Cuatro cómplices de su cine
Coque Malla
Era pura espontaneidad. Como no se había formado como actor, funcionaba desde su carisma. Le veía y le veo como una persona eminentemente talentosa. Todo lo que hace sale de ahí. No tenía una técnica para repetir ese hallazgo. Lo que surgiera. Y eso me gusta, conecto con esa forma de trabajar, la gente talentosa me inspira mucho. Y como cantante me encanta.
Penélope Cruz
Sigue siendo la actriz con la que mejor me he entendido. Me encantaba rodar con ella. Habría hecho mil películas más. Pero se fue a Hollywood y todo cambió. Tiene un compromiso alucinante con el directo. Es una aliada para contar la historia porque se mete en el personaje a lo bestia. Aporta sin parar, además del sorprendente carisma con la cámara. La cámara la quiere. Una superactriz.
Candela Peña
También me entiendo fenomenal con ella. Es un vendaval, una actriz de raza. Tiene mucha fuerza y verdad en lo que hace. Esa vertiente indomable me gusta. Dejo que me mangonee todo el rato. Ella lo sabe y hace de mí lo que quiere. Tiene una versión propia de hacer las cosas, y eso es impagable. Das “motor” y el rácord lo hace a su manera, por peteneras. No es una persona metódica, ni le interesa.
Javier Gutiérrez
Es una máquina de precisión un actor superdotado. Tiene control del plano, de lo que pasa en la escena y del rodaje. Trabaja a todos los niveles, su mente panorámica le permite asimilar todo. Sabe cuándo estar al cien por cien y cuándo debe echar un paso atrás y descansar sin que se note. Cuando estás rodando un plano medio, pasas a un primer plano y hay más. “Qué cabrón”, piensas, “esperaba al primer plano para tocar esa tecla”. Conoce el lenguaje cinematográfico y su propia energía, y juega con ellos. Se aprende el texto en un momento y acierta con el tono de la escena. Hace crecer el personaje que tiene al lado.

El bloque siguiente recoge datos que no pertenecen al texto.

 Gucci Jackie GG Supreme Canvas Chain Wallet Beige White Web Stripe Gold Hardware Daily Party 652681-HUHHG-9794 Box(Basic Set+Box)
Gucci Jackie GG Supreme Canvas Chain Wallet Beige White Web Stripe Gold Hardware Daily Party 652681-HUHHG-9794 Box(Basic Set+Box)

El ‘me lo guiso y me lo como’ del confinamiento
Diarios de la cuarentena, una serie hecha para TVE durante el confinamiento de 2020, supuso “una paliza enorme” para el realizador. Protagonizada por Carlos Bardem, José Luis García Pérez, Petra Martínez, Carlos Areces o Fernando Colomo, requirió el montaje de las videollamadas que hacía cada intérprete desde su casa. “Conseguir cada día escribir y dirigir casi simultáneamente es una de las cosas más apasionantes que he hecho”, recuerda Fernández Armero. “Los capítulos se emitían a los cinco días. Exigía a mi cerebro que se mantuviera creativo 14 horas al día”. En aquellas jornadas de nueve de la mañana a 12 de la noche dirigía, escribía los guiones del día siguiente, recibía llamadas por Skype o Zoom. “Como David Marqués [codirector y coguionista] y yo éramos también productores ejecutivos de la serie… fue la locura”. El montador, Raúl de Torres, enlazaba las secuencias que le mandaban los actores al servidor. “Una vez a la semana nos limitábamos a darle cuatro notas sobre el montaje y no podíamos hacer más. Lo montado salía directamente a TVE y se emitía”. ¿Lo bueno de ese ritmo frenético? “Ni me enteré del confinamiento porque estaba currando. Una experiencia brutal”.